C is more limited: it exposes the symbol table through get_c_application() and get_functions() (function name -> CFunction), but has no call graph or reachability: see the note under Analysis levels.

A call graph records who calls whom: each node is a method, and each directed edge points from a caller to the callee it invokes. It turns “how is this code wired together?” into a graph you can traverse.

flowchart LR
    A["CLI.main"] --> B["DefaultParser.parse"]
    B --> C["Options.addOption"]
    B --> D["CommandLine.addOption"]

CLDK exposes the graph as a networkx.DiGraph (edges point caller -> callee), plus direct neighbor queries. Use call graphs for impact analysis (“what breaks if I change this?”), dependency tracing, and any question about how methods connect.

from cldk import CLDK
from cldk.analysis import AnalysisLevel
analysis = CLDK(language="java").analysis(
project_path="commons-cli",
analysis_level=AnalysisLevel.call_graph, # required for call edges
)
cg = analysis.get_call_graph() # networkx.DiGraph, caller -> callee
print(cg.number_of_edges())
# -> 412 (call edges in Commons CLI)
# Who calls this method? (impact analysis)
callers = analysis.get_callers(
"org.apache.commons.cli.Options", "addOption(Option)"
)
# What does this method invoke?
callees = analysis.get_callees(
"org.apache.commons.cli.DefaultParser", "parse(Options, String[])"
)

Reachability asks: can execution get from method A to method B at all? You answer it with a graph query over the call graph using networkx:

import networkx as nx
cg = analysis.get_call_graph()
reachable = nx.has_path(cg, source_node, sink_node)
print(reachable)
# -> False (no path from source to sink)

For the path itself, use nx.shortest_path(cg, source_node, sink_node) or nx.all_simple_paths(cg, source_node, sink_node).
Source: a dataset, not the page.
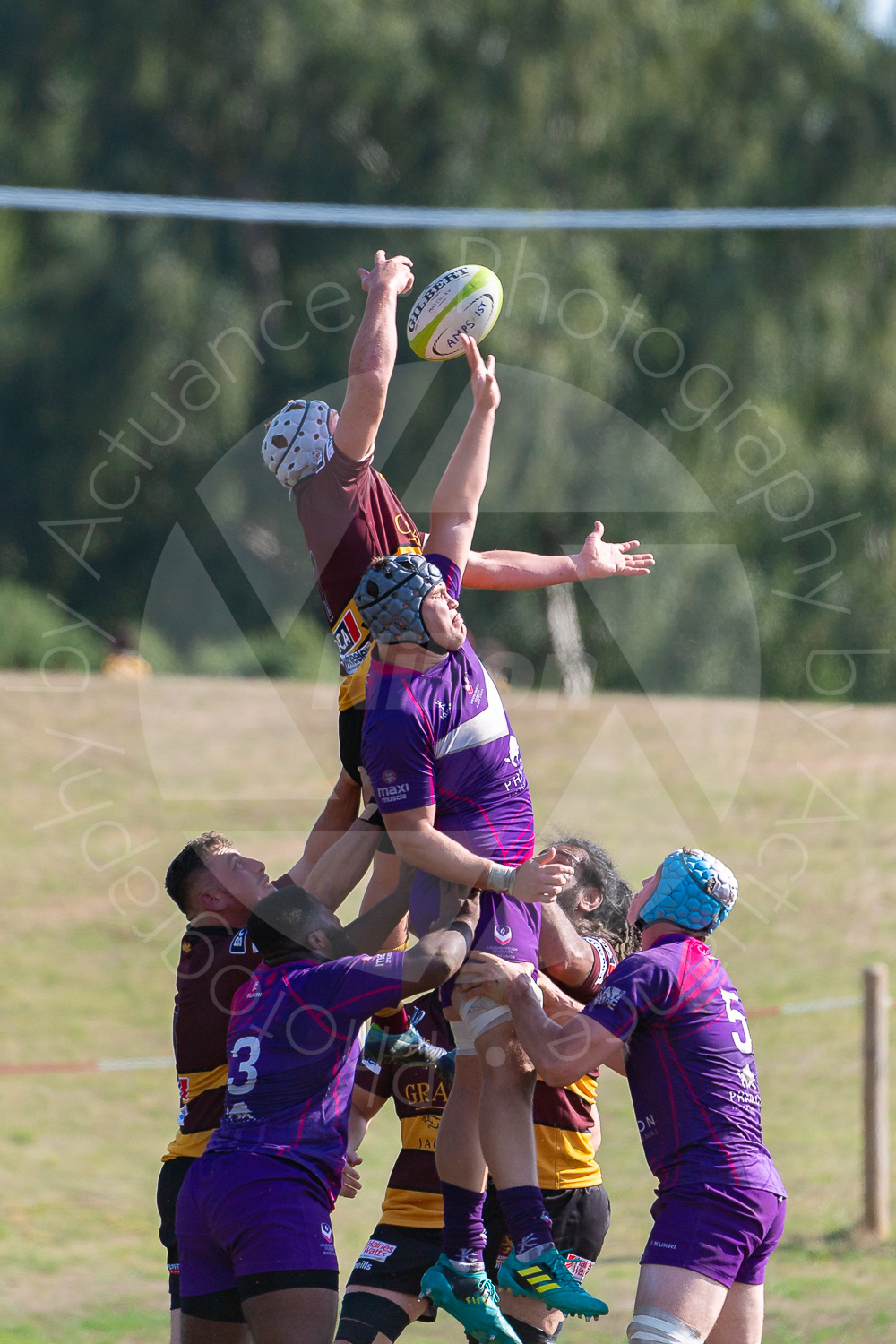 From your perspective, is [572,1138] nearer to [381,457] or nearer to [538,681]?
[381,457]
This is the difference between an agent crawling the codebase to approximate whether a vulnerable sink can be triggered and a tool proving it: nx.has_path returns the same deterministic, auditable answer every time, from real static analysis. It’s the backbone of the source-to-sink triage in cocoa.

The analysis level controls how much work CLDK does when it builds the analysis object. There are two:

  • AnalysisLevel.symbol_table: the default. Resolves structure (classes, methods, fields, signatures). Fast, and enough for symbol-table queries.
  • AnalysisLevel.call_graph: additionally computes call edges. Required for get_call_graph, get_callers, get_callees, and therefore reachability.
from cldk import CLDK
from cldk.analysis import AnalysisLevel
# Default: symbol table only (call edges are NOT populated)
st = CLDK(language="java").analysis(project_path="commons-cli")
# Opt in to call-graph depth when you need call relationships
cg = CLDK(language="java").analysis(
project_path="commons-cli",
analysis_level=AnalysisLevel.call_graph,
)

Java supports a single-file mode via analysis(source_code="...") for quick syntactic work; Python requires project_path. Both expose the same symbol-table and call-graph methods through the shared analysis facade.